Le contrat conclu en 2009 avec la société canadienne Tethys Petroleum, à laquelle se sont jointes par la suite Total (France) et CNPC (Chine) n’a pas d’équivalent dans la pratique mondiale. L’investisseur a reçu une licence sur 56 sites et des concessions minières sur 70 sites, pour une durée de 25 ans. En vertu du contrat, toute la production sera la propriété de l’investisseur, et l’Etat n’aura rien. Et, alors que depuis plus de trois ans, les sociétés ont cessé leurs activités, l’Etat ne peut pas reprendre les sites pour les proposer à d’autres investisseurs.

Dans les années 1980, les mises en exploitation de nouveaux gisements au Tadjikistan et en Ouzbékistan étaient comparables. De 1981 à 1985, Tadjikneft a ouvert 3 nouveaux sites et 4 gisements ; Ouzbekneft, 4 sites et 3 gisements. Après la dissolution de l’Union soviétique et en 25 ans d’indépendance, Ouzbekneft a ouvert plus de 150 nouveaux sites, alors qu’aucun n’a été ouvert au Tadjikistan.
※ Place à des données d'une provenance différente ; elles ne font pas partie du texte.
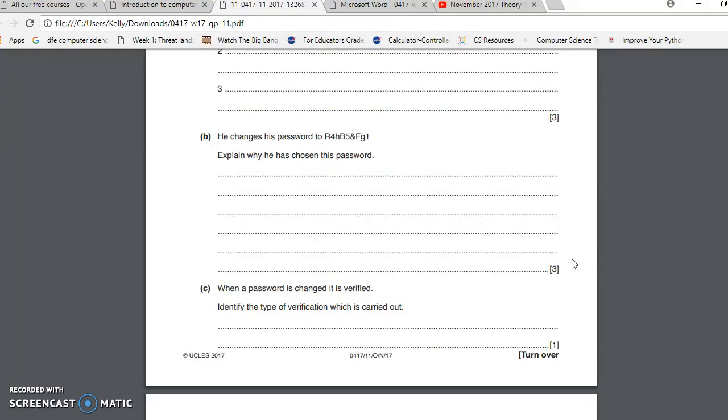But okay, the reason why he would have chosen this password is because it would conform to company rules. So what we've got to look at is basically what is good about this password.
Y a-t-il une issue à cette impasse ?

Seul le Président (Emomalii Rahmon, ndlr) peut résoudre ce problème. Espérons qu’il le fera. Il faut annuler l’accord avec Thetys, Total et CNPC. Chaque disposition de cet accord est défavorable aux intérêts de notre pays. L’accord n’a pas été approuvé par le Parlement et n’a pas de force juridique.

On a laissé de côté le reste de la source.